Robust \(\mu\) controller design

The aim of control by using the μ synthesis method was the stability of the closed-loop system and satisfying all of the control requirements. The closed-loop system must have the robust performance in the presence of uncertainties, disturbance in the wind, and measurement noise. As a result, it can be said that the aim of μ controller design is that the wind turbine can follow the reference input of produced electrical power in the presence of disturbance and noise. In Fig. 3, the block diagram of the closed-loop system that is used with the defined uncertainties is demonstrated for μ controller system design.
Fig. 3

Closed-loop system model for design μ robust controller

From the figure, it can be seen that \(y_{\text{c}}\) is defined as the difference between noisy output and the reference and the transfer function P(s) shows the open-loop transfer function matrix with ten inputs and eight outputs. The upper linear fractional transformation (LFT) of the closed-loop system is
$$P = F_{\text{u}} (P_{\text{nom}} ,\Delta_{\text{r}} ) ,$$
(33)
where \(P_{\text{nom}}\) is the nominal transfer function matrix, \(\Delta_{\text{r}}\) includes five uncertainties in the wind turbine model. We assume \(\Delta_{\text{P}}\) is defined the structure of uncertainties block as follows:
$$\Delta_{\text{P}} \text{ := }\left\{ {\left[ {\begin{array}{*{20}c} {\Delta_{\text{r}} } & 0 \\ 0 & {\Delta_{\text{F}} } \\ \end{array} } \right]:\Delta_{\text{r}} \in {\mathcal{R}}^{5 \times 5} ,\,\Delta_{\text{F}} \in C^{4 \times 2} } \right\}$$
(34)

Robust stability

By definition, the closed-loop system achieves robust stability if the closed-loop system is internally stable for each possible plant dynamics \(G = F_{\text{u}} (G_{\text{nom}} ,\Delta )\).

Robust performance

The closed-loop system must remain internally stable for each \(G = F_{\text{u}} (G_{\text{nom}} ,\Delta )\) and in addition the performance criterion should be satisfied for each \(G = F_{\text{u}} (G_{\text{nom}} ,\Delta )\) [25]. Controller that is obtained with this method is usually of high order, which leads to problems in a practical implementation. So often, it is useful to reduce the order of the control system as much as possible to simplify the closed-loop system analysis and implementation. The results of the structured singular value is calculated after repeating 5 D-K steps. These results are in the Table 3.
Table 3

Summary of results of μ robust control

Iteration number

γ value achieved

Maximum \(\mu\) value

Controller order

1

1201.403

11.648

5

2

5.35

3.837

11

3

1.763

0.748

16

4

0.734

0.733

17

5

0.732

0.730

17

It can be seen that the maximum value of μ is 11.648 that is achieved in the first iteration. Similar to this method, next steps are continued in order to γ be less than 1. The designed μ controller synthesis is of order 17, and it is achieved after five iterations. In the final iteration, the value of γ reached 0.732 and, μ reaches 0.730 which is less than 1. This means that the closed-loop system has robust performance, because the structured singular value is less than 1 in any frequency. The gamma value also represents the value that the infinity norm of function \(F_{\text{l}} (P,K)\) was less than that value.

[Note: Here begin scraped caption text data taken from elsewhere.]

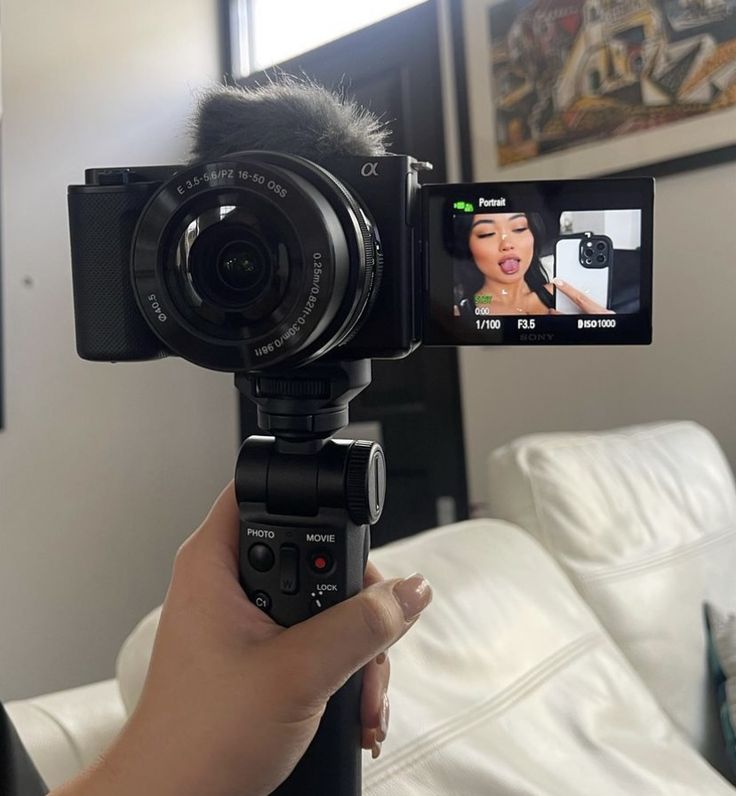 a person holding up a video camera to take a selfie with the phone in front of them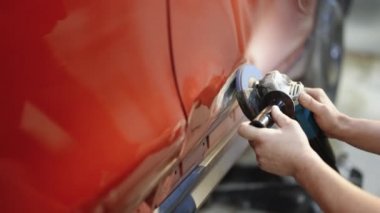 Araba tamircisi. Araba göçüğü temizleme teknikleri, araba tamircisi tamircinin araba gövdesini sökmesi. Garaj tamircisi işe başlamadan önce Öğütücüyle boyayı kaldırıyor..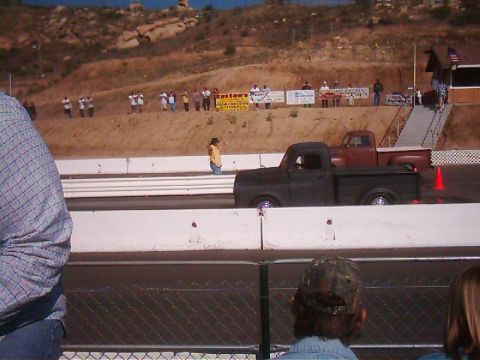 1978 Ford Bronco - Two pickup trucks race down a drag strip with a crowd watching from the hillside.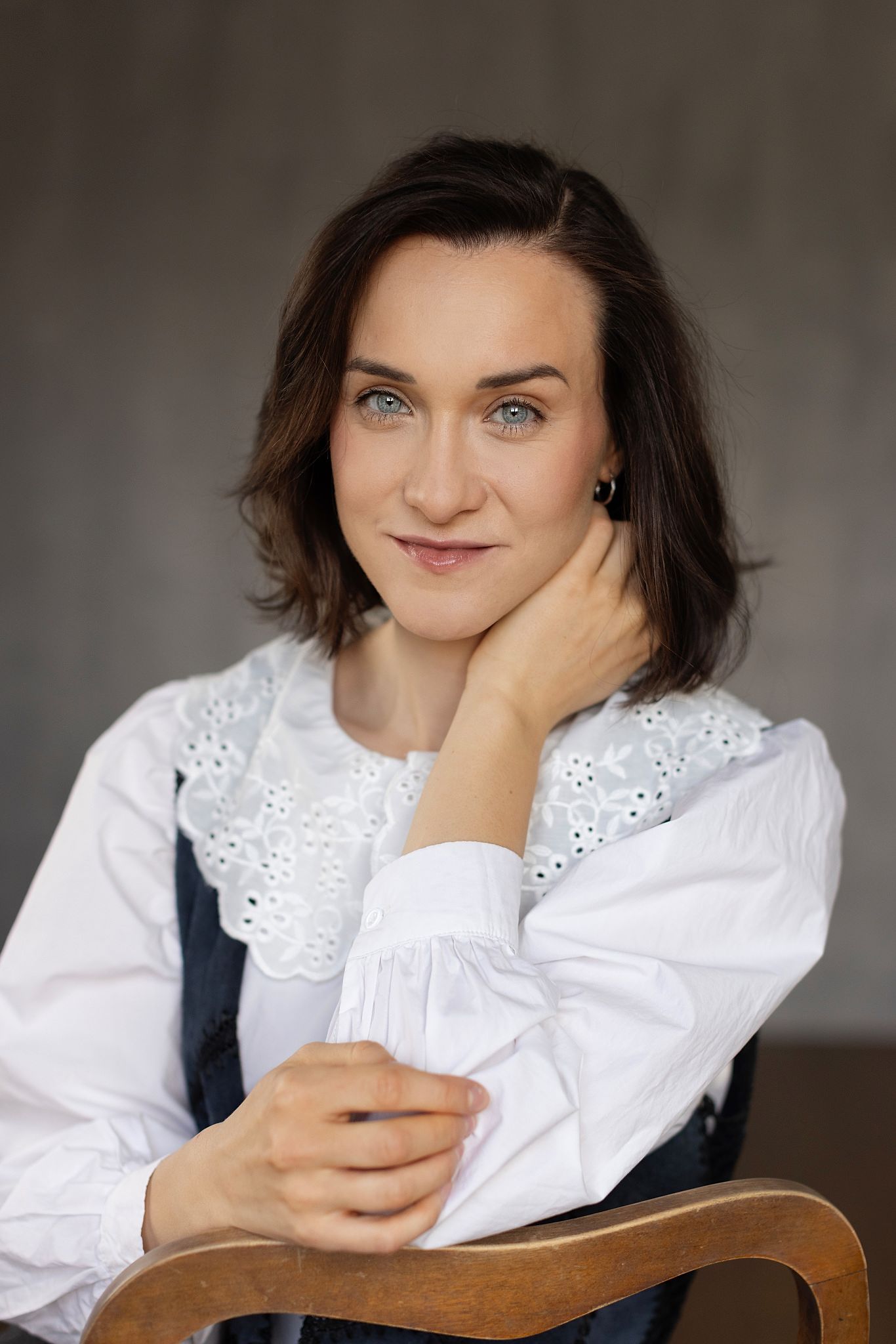 Magdalena Tarnawska-Stus - portret w szarym swetrze, ciemnoniebieskie tło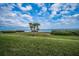Lush green lawn adorned with palm trees and hedges overlooking tranquil bay waters at 1451 Gulf Blvd # 207, Clearwater Beach, FL 33767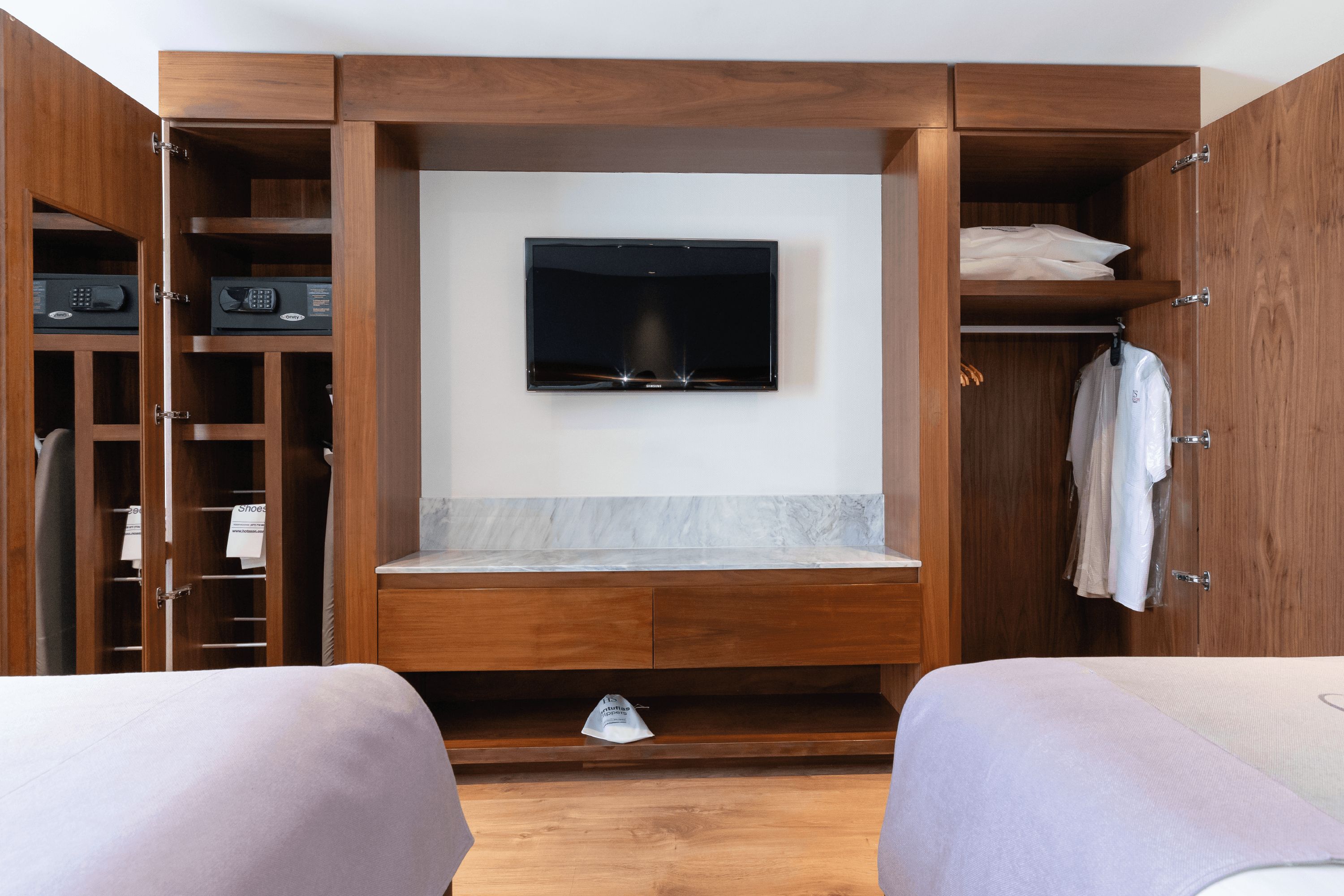 A hotel room with a built-in TV, wooden wardrobe, and a marble countertop.
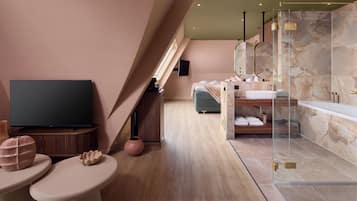 Une chambre d’hôtel moderne équipée d’une télévision, d’un canapé, d’une salle de bain avec baignoire et d’un grand miroir.
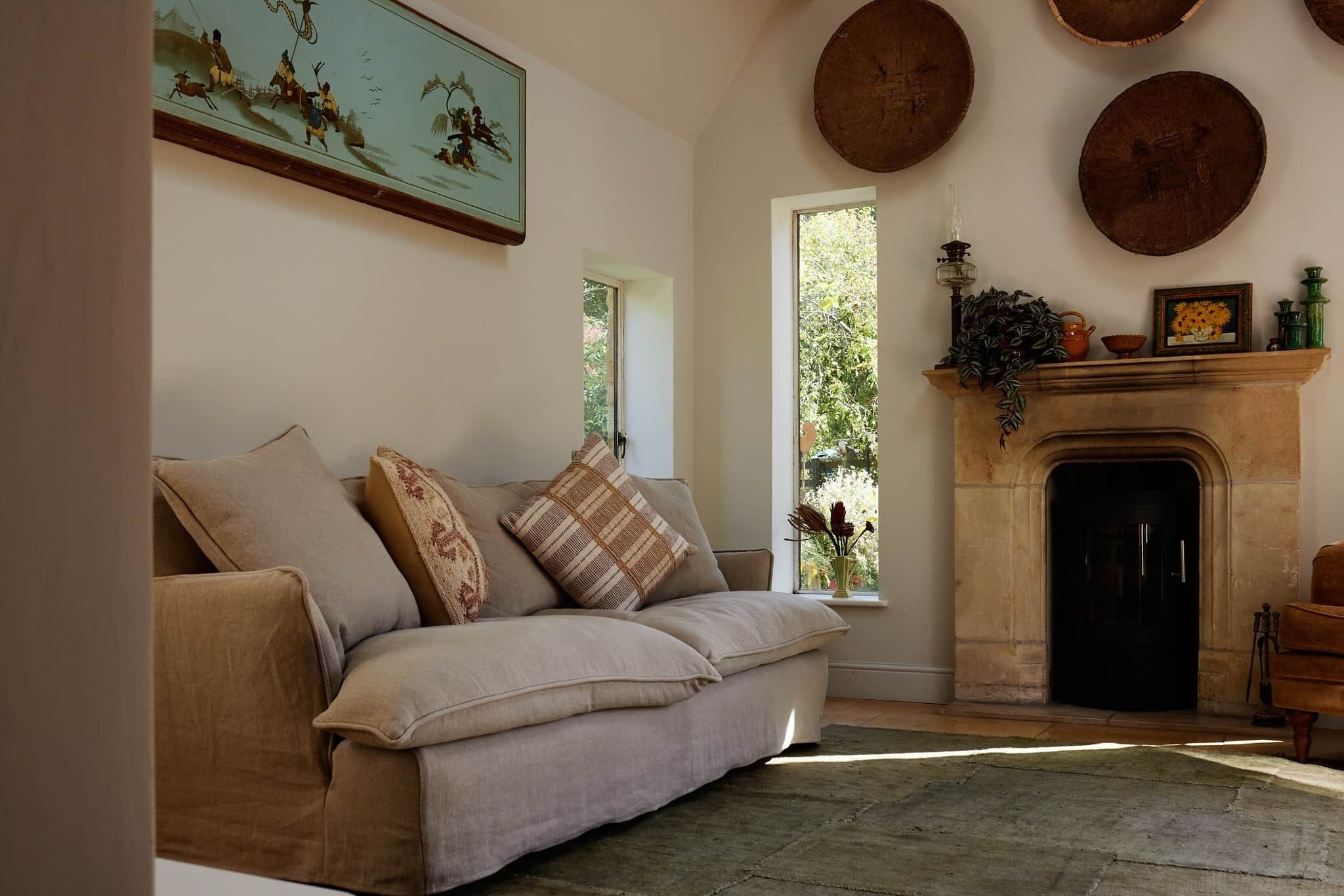 Ein Wohnzimmer mit einem beigefarbenen Sofa, einem Kamin und einem Gemälde an der Wand.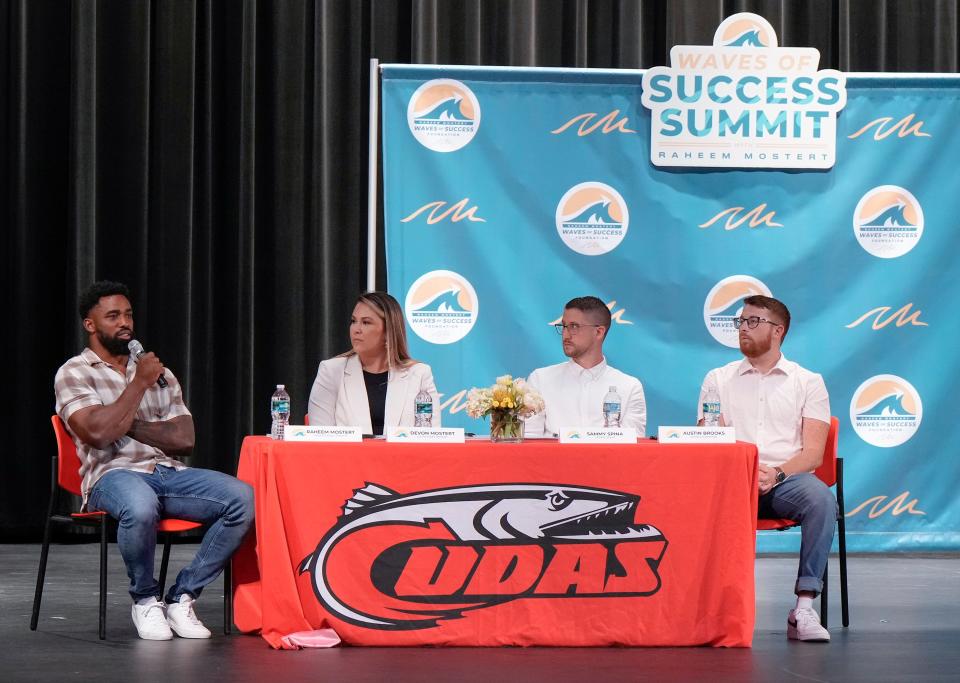 Raheem Mostert (far left) sits with three of the eight other panelists during the Waves of Success Summit at New Smyrna High School, Friday, May 19, 2023.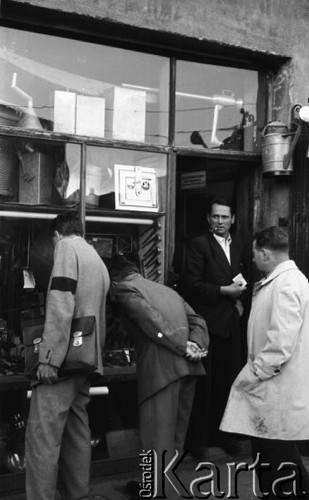 Wrzesień 1958, Warszawa, Polska.
Mężczyźni oglądają towary w witrynie sklepu z artykułami żelaznymi. Jeden z mężczyzn ma na rękawie marynarki żałobną opaskę. Nad drzwiami sklepu wisi blaszana konewka.
Fot. Romuald Broniarek, zbiory Ośrodka KARTA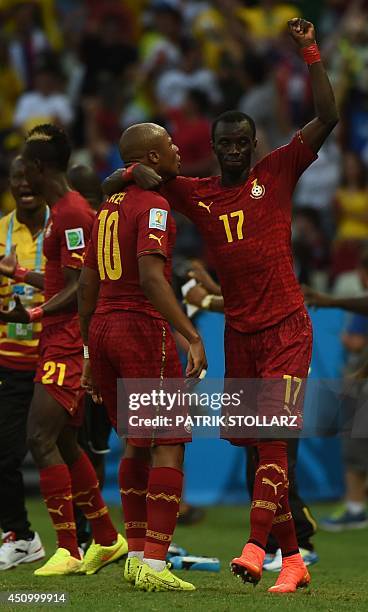 Ghana's midfielder Andre Ayew celebrates with Ghana's midfielder Mohammed Rabiu after scoring during a Group G football match between Germany and...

µ Controller order reduction

By using μ synthesis, both for low-order and high-order systems, the resultant controller will be of high order. This causes problems such as increased calculations and complexity of the implementation. In this paper, for the first time, Henkel norm approximation method is used [25, 26]. In Henkel norm approximation, first the minimality of the system should be checked, and then it eliminates uncontrollable and unobservable modes. In the following, Henkel singular values are obtained and low-energy singular values are neglected to obtain the reduced order controller. Full order μ controller is of order 17. By reducing order of control system, hardware implementation will be easier. Considering tradeoff between the control specifications and order of the control system, we can reduce μ controller to 11.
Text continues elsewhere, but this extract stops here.